When recognising the costs as an expense, the entity should refer to the requirements within IFRS 15 Revenue from Contracts with Customers (IFRS 15), which deal with a similar and related issue, to determine when the service provider (or a sub-contracted provider) performs the configuration or customisation services in accordance with the contact to deliver services, and hence when the expense should be recognised, specifically:

  • if the services are distinct, then the entity should recognise the costs as an expense when the service provider configures or customises the application software (i.e. expense immediately); or
  • if the services are not distinct (because those services are not separately identifiable from the entity’s right to receive access to the service provider’s application software), then the entity should recognise the costs as an expense when the supplier provides access to the application software over the contract term (i.e. recognise a prepayment and expense the costs over time).

However, where the contract to deliver the configuration or customisation services to the entity is with a third-party supplier, then the entity should recognise the costs as an expense when the third-party supplier configures or customises the application software (i.e. expense immediately)[1].


[1] A current area of discussion surrounds whether a third party may be considered to be acting as an agent of the SaaS service provider in providing the configuration or customisation service. This will depend upon the specific facts and circumstances. Where this is the case, the costs should be recognised as a prepayment and expensed when the SaaS service provider provides access to the application software over the contract term, this being where the configuration or customisation service is not deemed to be distinct from the SaaS arrangement.

What are the disclosure requirements?

The entity should disclose its accounting policy for configuration or customisation costs, in accordance with paragraphs 117-124 of IAS 1 Presentation of Financial Statements, when that disclosure is relevant to an understanding of its financial statements.

Additionally, where there is a change in accounting policy (see below for further information), then the disclosure requirements set out in paragraph 29 of IAS 8 Accounting Policies, Changes in Accounting Estimates and Errors must also be complied with.

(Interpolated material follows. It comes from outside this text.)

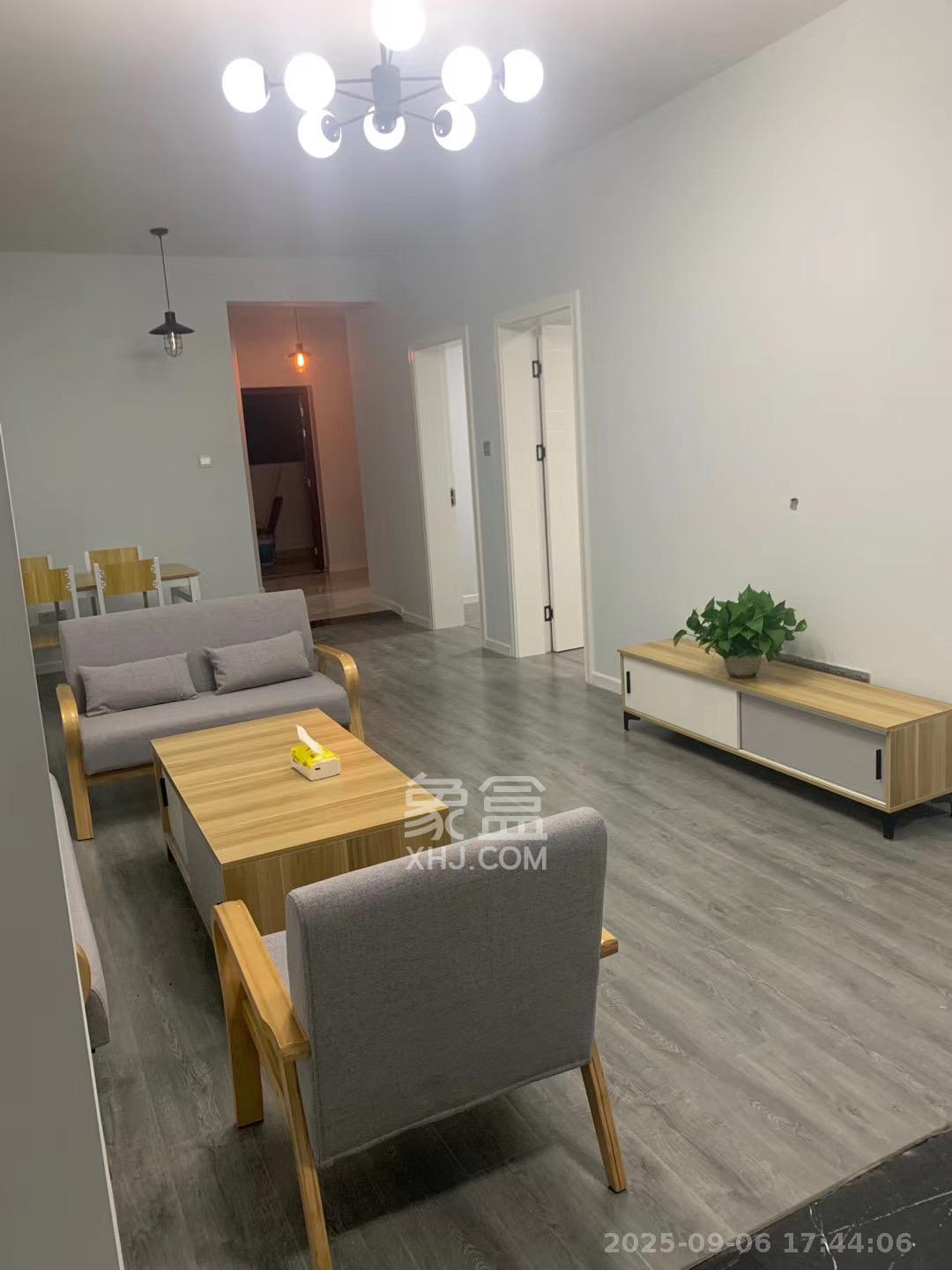 山语城三期 3室2厅1卫 1650.0元/月 山语城三期 3室2厅1卫 1650.0元/月室内图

In summary, this requires:

  • The change in the accounting policy to be described and explained clearly within the notes;
  • The amount of the adjustment(s) for each line item(s) affected by the change, for all periods affected (when prior periods are affected, this may therefore require a restatement of opening reserves within the Statement of Changes in Equity); and
  • The impact on basic and diluted earnings per share, if IAS 33 Earnings per Share is applicable.

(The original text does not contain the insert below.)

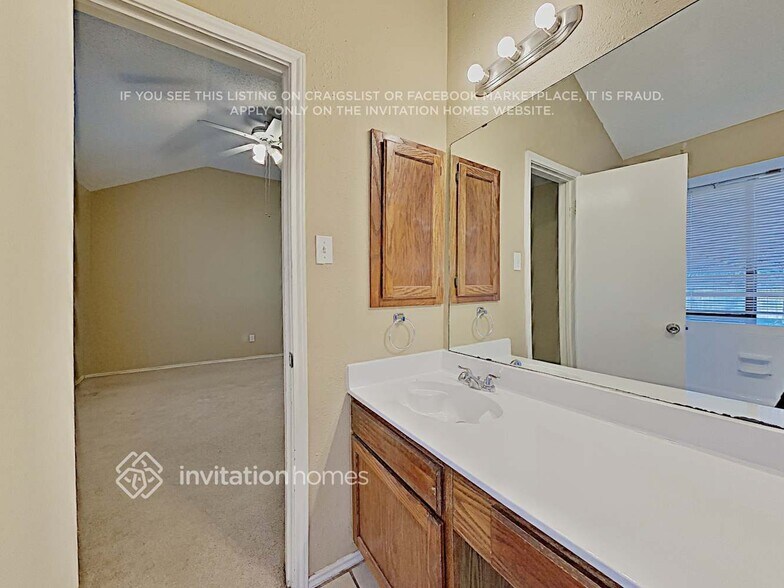 Building Photo - 820 Bentle Ct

What are the first-time application requirements?

As this is an agenda decision provided by the IFRS Interpretations Committee, it is effective immediately from when the decision was made in April 2021.

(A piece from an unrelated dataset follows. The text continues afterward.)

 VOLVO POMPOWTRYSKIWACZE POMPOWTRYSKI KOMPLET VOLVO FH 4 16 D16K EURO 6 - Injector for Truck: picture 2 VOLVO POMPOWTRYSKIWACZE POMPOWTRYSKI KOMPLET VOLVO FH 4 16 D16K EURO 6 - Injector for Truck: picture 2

Entities are allowed sufficient time to assess and implement any changes that are necessary. The time taken by an entity to assess the full effect of any change on their business will vary on an entity-by-entity basis depending on the specific facts and circumstances, for instance depending upon the complexities and scale of the change required. Where an entity has not had sufficient time, the financial statements (or interim reporting as applicable) should disclose and explain the process being carried out, the timing of any expected change and an estimate of the financial impact.

Will retrospective application be required?

IFRS Interpretations Committee agenda decisions provide explanatory information and material which may result in an accounting policy change in accordance with IAS 8 Accounting Policies, Changes in Accounting Estimates and Errors (IAS 8). Accounting policy changes must be applied on a retrospective basis (i.e. by restating prior year information).

As such, following this agenda decision, an entity may be required to restate the accounting treatment applied for configuration or customisation costs if, for example, they were previously capitalised under IAS 38.